歌どころか声もまともに鳴ってくれない人
本気で頑張って…いや頑張るだけでなく、体のパーツのバランスや、それらを使うタイミングによる重心のコントロールなども掴みきって「やっと歌える」そんな人は結構多くいらっしゃいます。
逆に言えば、これらのことができないと、まともに声すら出ない、声も1曲持たずに枯れてしまったり、話すとすぐに喉も疲れてしまうわけです。(そこでボイトレを始めたりするわけですが…結果に結びつかないし、こういう方が多いのにも関わらず、教えるのは難しい)
こういう方は、体の割に声帯が大きかったり、また性格が真面目、内向的、スポーツが苦手…というような傾向があります。
「本気で体を使い切らないとまるで歌えないタイプ」は大抵、自分がそんなタイプであることを知りません。わかりようがないのです。私の生徒さんでも「やっと気持ちよく自由に声が出せました!…でもこんなに頑張らないといけなかったとは…」つまりそのさじ加減が、できるようになるまではさっぱりわからないわけです。
そこそこ頑張ったくらいではできないし、いくら正しい方法をやっていたとしても歌えないから、「やり方が間違っているのだろうか」「才能がないのだろうか」と疑心暗鬼にもなりがちです。結果として、さらっと歌えてしまう方に対して…
「あんなに簡単にさらっと歌えたらなあ」
…と思うのも無理はありません。私もそうでした!
もちろん真似してさらっと軽く歌おうとすると、声帯は余計に鳴らないし、無理に鳴らそうとすれば喉は詰まるし、乳酸が出たようないやな喉の疲れ方はするし、声がベタッと、言い方は悪いですが幼いというかガキっぽい声になって、体を自由に使えるどころか、余計にがんじがらめに…。
こうして本人は一生懸命やっているのに、自由な表現にはたどり着けない。もちろんさらっとも歌えず、劣等感に苛まれる…そうなるともう面白くもなんともないので「歌なんか嫌いだ!」となってしまう人も多いのです。
さらっと歌えてしまう人の特徴
さて一方、あまり苦労せず、最初からさらっと歌えて、カラオケでもソコソコの点数も出てしまうような人は、歌や声優のキャリアの初期からある程度の音域、特に高い声にも困りませんし、いろんなことが器用にできます。要するに音楽性を素直に出せる人が多いわけです。
こういう方は声帯が小さかったり、とにかく歌うことが好き、表現に対して劣等感がないというタイプが多いように思います。
※あくまで私見ですが、数え切れないほどの生徒さんや共演者の皆さんを見てきての感想です。
さらに調子の落差も少ないし、先生の言われたことをすぐにソコソコのレベルでこなせてしまうので、たとえば音楽大学の声楽科でも、入学時から扱いやすく、スタードダッシュを決めてしまえるのです。
もういいことづくめのようにも感じますよね…しかし、しかしです。
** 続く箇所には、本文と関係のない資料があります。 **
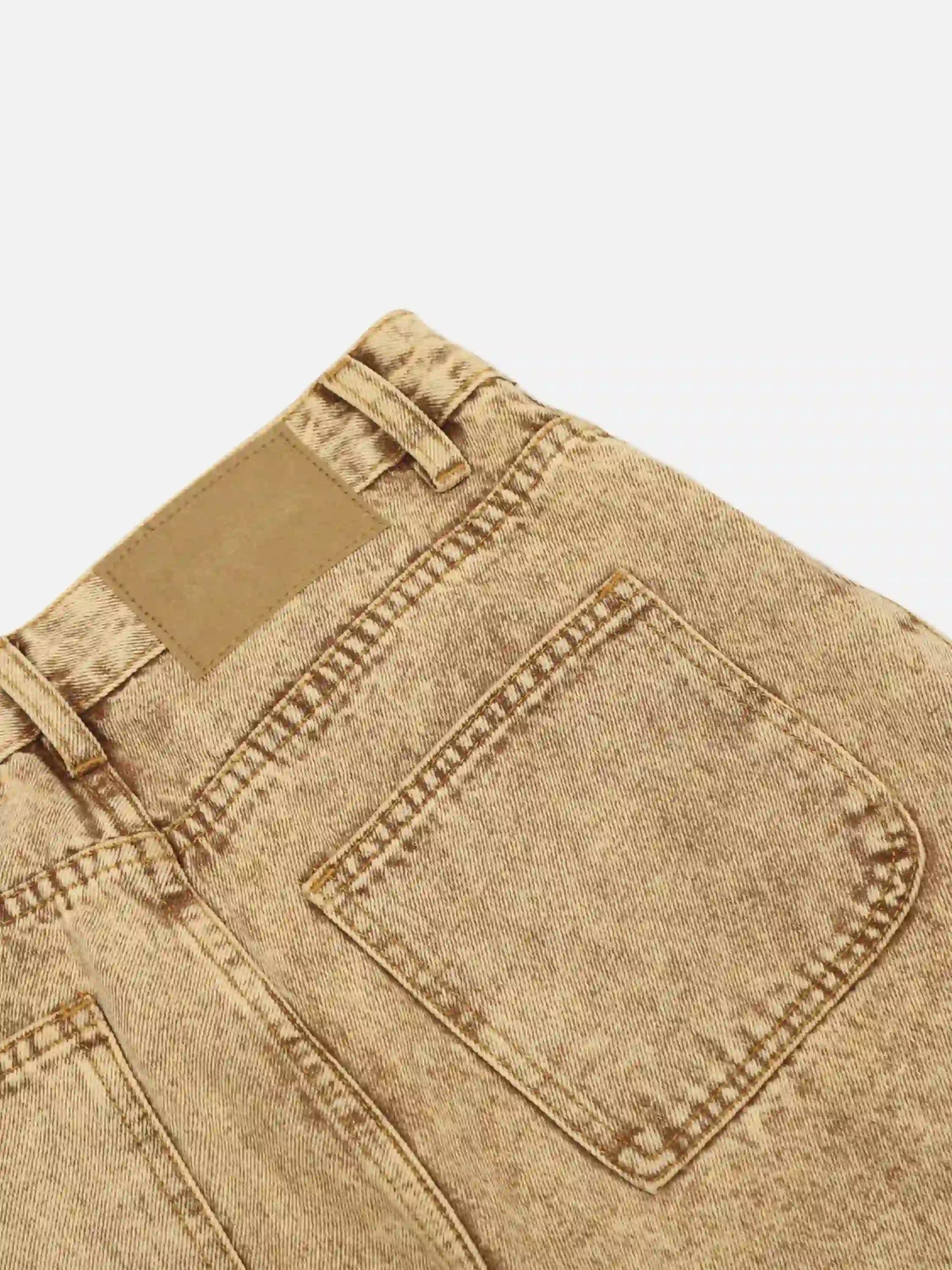 Vintage Washed Pleated Straight Jeans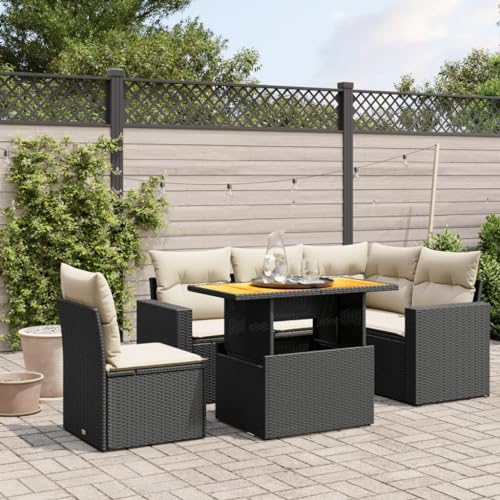SECOLI Polyrattan Lounge Gartenlounge Set Gartenmöbel Wetterfest Garten Sofa Set Balkonlounge Set Sitzgruppe Lounge Sofagarnitur mit Verstellbare Tischplatte-Schwarz und Creme-6-tlg-3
このタイプは…
…詳しくは後の項で解説しますね。
第一線で活躍し続けている人はどちらのタイプ?
ではさらっと、なんとなくコントロールもできて上手く歌える人の方が幸せか…というと「いや、それは違うぞ」と言いたいのです。
なぜなら、第一線で歌い続けている人は、どちらのタイプであっても、結局、本物の表現をしているからです。そうでないと、どんなに上手くても伝わらない…感動を作り出せない、自然な人の感動を大きく映し出せない…つまり多くの人へ伝えることができないからです。
これは流行りの問題もあります。軽くて情熱的ではない方が特に若い世代にはウケる時代もあるのです。アイドルなどは、親しみやすさが求められる時代には、強い情熱が、圧力や近寄りがたい雰囲気と捉えられて敬遠されることもあり、さらっとまあそこそこできれば良いという場合もあるのです。声優さん、俳優さんにおいても同じことが言えます。しかし、それはやはり勿体無いなあと思いますし、そういう声の出し方は体を使い切らないために、徐々に年齢に勝てなくなったりします。